I completed my Ph.D. in Ecology at Duke University in the Clark Lab. I received the NSF GRFP and worked with The Nature Conservancy as a NatureNet science fellow. With colleagues at Duke, the city of Durham, the US Forest Service, The Morton Arboretum, and The Nature Conservancy, I studied patterns in tree health in both Chicago, IL and Durham, NC in the U.S. Our work uses archival research, field data, GIS data, and remote sensing to look at tree health across scales.
After finishing my Ph.D., I did a U.S. National Academies Science Policy Fellowship at the Gulf of Mexico Coastal Ocean Observing System (GCOOS) focused on understanding the impacts of marine heatwaves on coastline communities, ecosystems, and communities in the Gulf region. Moving more into a coastal policy space, I had the opportunity to learn from and collaborate with folks in fisheries, energy, emergency management, and city planning.
For full CV, see here
Grounding Vision:
I grew up in various places, both inside the US and in other countries, but have almost always lived in cities. Growing up, I thought of “nature” as being in other places, where you road trip to. Don’t get me wrong, I love spending time in national parks, going on long backpacking trips, and seeing the milky way when you’re far away from city lights. I just hope we can also appreciate the life and diversity (both human and non-human) that exists in urban areas.
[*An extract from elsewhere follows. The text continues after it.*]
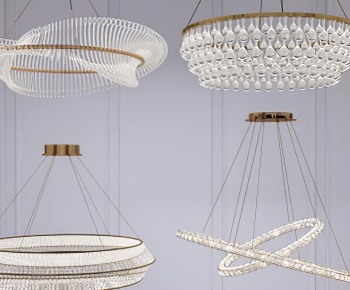 Modern Droplight-ID:161225089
We are in the midst of tackling an impending climate crisis, ongoing economic inequality, racial injustice, the carceral state, and colonial exploitation. Reckoning with the failures in our current social and economic system is long overdue, and I hope that we can use this opportunity to reimagine how we, as humans, live with and among the rest of the natural world. I aim to be part of that reimagining by looking at our urban forests, organizing for societal change, and interrogating some of the values embedded in ecological science.